The Ray cluster runs on Kubernetes (k8s). When I initialize Ray locally and try to submit code to the Ray cluster, it results in an error. However, submitting tasks directly from within the Ray pod works fine. The error message contains 192.168.85.116:6379, which is the IP address of the pod, but my local connection specifies the Ray cluster IP and NodePort. I don’t understand why the pod IP is thrown after submitting locally. After restarting the Ray pod, everything works normally for a while, but the same issue reoccurs after some time. Currently, I can only keep restarting Ray. Is there any way to resolve this?
The error message is as follows:
gcs_rpc_client.h:179: Failed to connect to GCS at address 192.168.85.116:6379 within 5 seconds.
Hi there tao_sun,
Someone else also recently ran into a similar issue, maybe you can see what they did and see if that’ll unblock you as well? They had to allow connections onto the port.
This does not solve my issue. My Ray server and the client that initiates tasks are not in the same Kubernetes cluster.

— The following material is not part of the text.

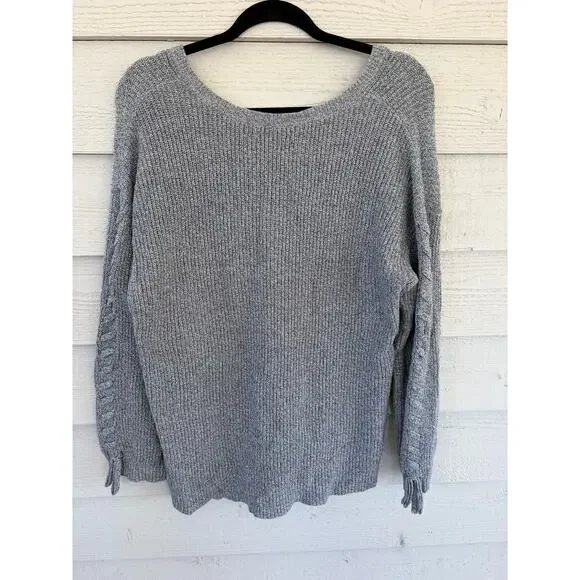 American Eagle Gray Chunky Knit Lace-Up Sleeve Sweater Size L Cozy V-Neck - Picture 8 of 8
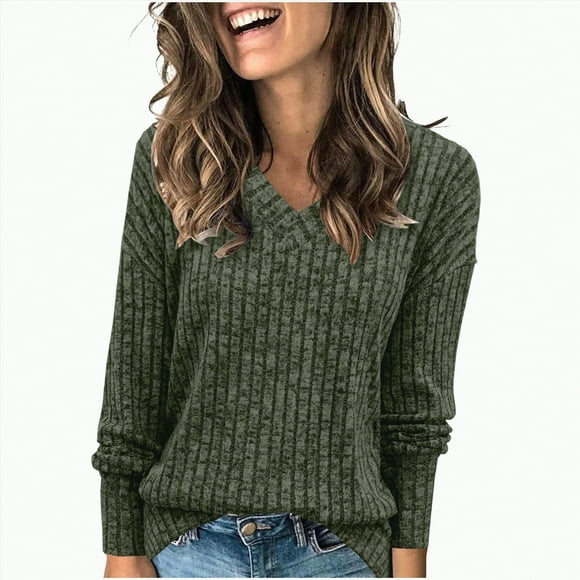 WUANDIXFA Women Tops Long Sleeve Shirts V Neck Brushed Strip Solid Color Top Long Sleeved T Shirt for Women Green,L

At the time of Ray initialization, my client was functioning normally, using the host machine’s IP and NodePort. However, after some time, for reasons unknown, my client changes the Ray server’s IP to the Pod IP and port, which results in connection failures.
Hi tao, thanks for replying! After doing some thinking, can you let me know if you’ve tried these things out?
1. Pod IP vs. NodePort Confusion
When you connect to Ray using the NodePort, it should keep that connection.
However, if Ray later tries to connect using the Pod IP, it might be because the GCS (Global Control Store) or another component restarted, causing Ray to resolve the IP differently.
2. GCS & Redis Issues
If GCS is backed by Redis and it restarts, it may change the stored IP address.
Try using a fully qualified domain name (FQDN) instead of an IP address so that all nodes consistently resolve to the correct GCS instance
3. Consider Using KubeRay
If you aren’t already using KubeRay, consider switching to it.
KubeRay improves fault tolerance and lifecycle management for Ray components in Kubernetes!
4. Increase Reconnect Timeout
May you can try setting the environment variable RAY_gcs_rpc_server_reconnect_timeout_s to a higher value, so this allows Ray nodes more time to reconnect after a GCS restart.
5. Check Your Network Configuration
Verify that NodePort is correctly set and that your local machine can persistently connect to the Ray cluster.
Run kubectl get services to ensure the correct external IP is used.
Thank you for your professional reply and suggestions. We are currently using KubeRay. If the parsing error is really caused by GCS, I don’t think I can solve it. I can try to increase the RAY_gcs_rpc_server_reconnect_timeout_s to increase the connection duration.